• [YOUR INSTRUCTIONS]
In the data below, locate the line containing "Young parents relaxing" and the line containing "dirty blonde hair", then retype both and everything between them exactly. Pictures are not part of the copy.

• [EXCERPTED DATA]
_ _ _ _ _ _ _

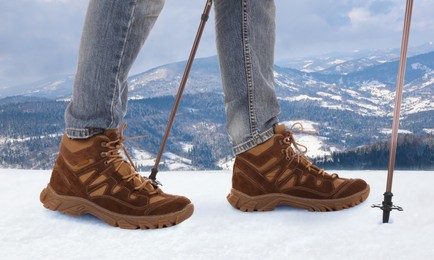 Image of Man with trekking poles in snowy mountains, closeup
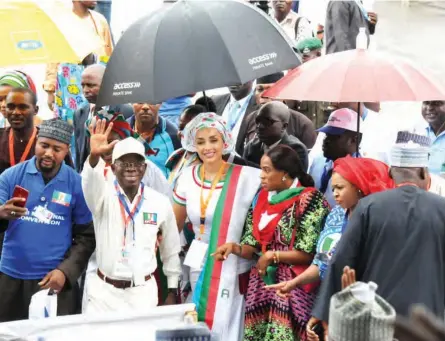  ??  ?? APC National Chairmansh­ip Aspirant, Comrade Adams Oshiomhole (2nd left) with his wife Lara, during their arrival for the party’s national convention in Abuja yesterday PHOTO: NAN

_ _ _ _ _ _ _

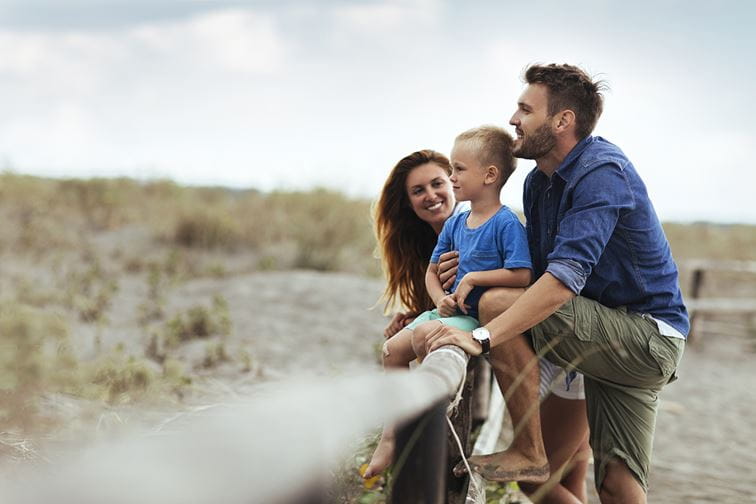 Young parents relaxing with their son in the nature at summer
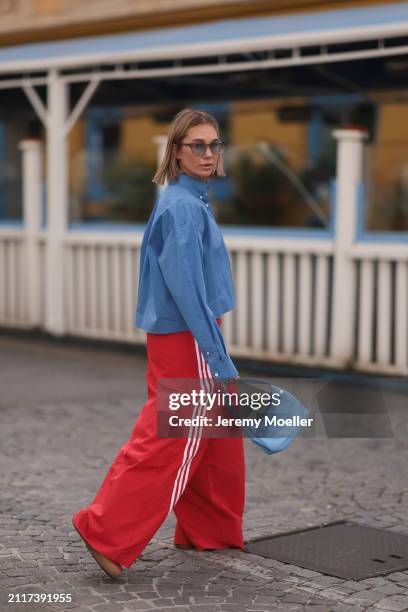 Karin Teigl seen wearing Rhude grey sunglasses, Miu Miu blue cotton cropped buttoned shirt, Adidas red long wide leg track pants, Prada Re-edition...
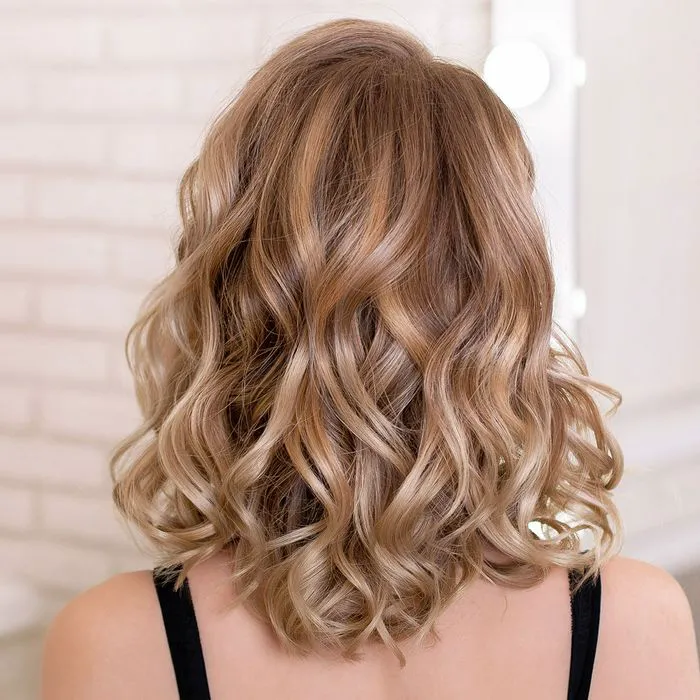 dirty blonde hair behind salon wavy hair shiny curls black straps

_ _ _ _ _ _ _

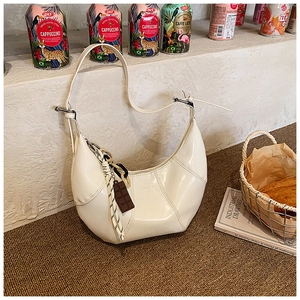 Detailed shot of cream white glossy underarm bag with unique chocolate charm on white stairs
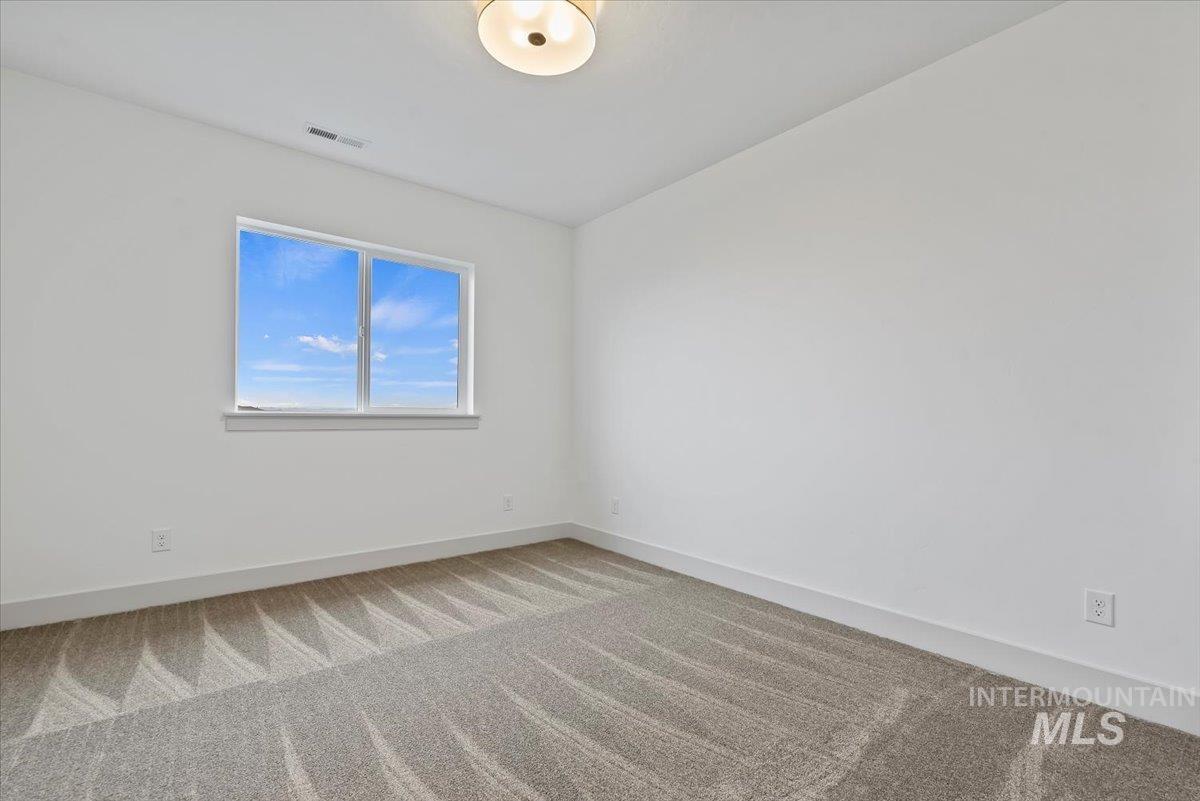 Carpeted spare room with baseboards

_ _ _ _ _ _ _

• [SOLUTION TO THIS PROBLEM]
 Young parents relaxing with their son in the nature at summer
 Karin Teigl seen wearing Rhude grey sunglasses, Miu Miu blue cotton cropped buttoned shirt, Adidas red long wide leg track pants, Prada Re-edition...
 dirty blonde hair behind salon wavy hair shiny curls black straps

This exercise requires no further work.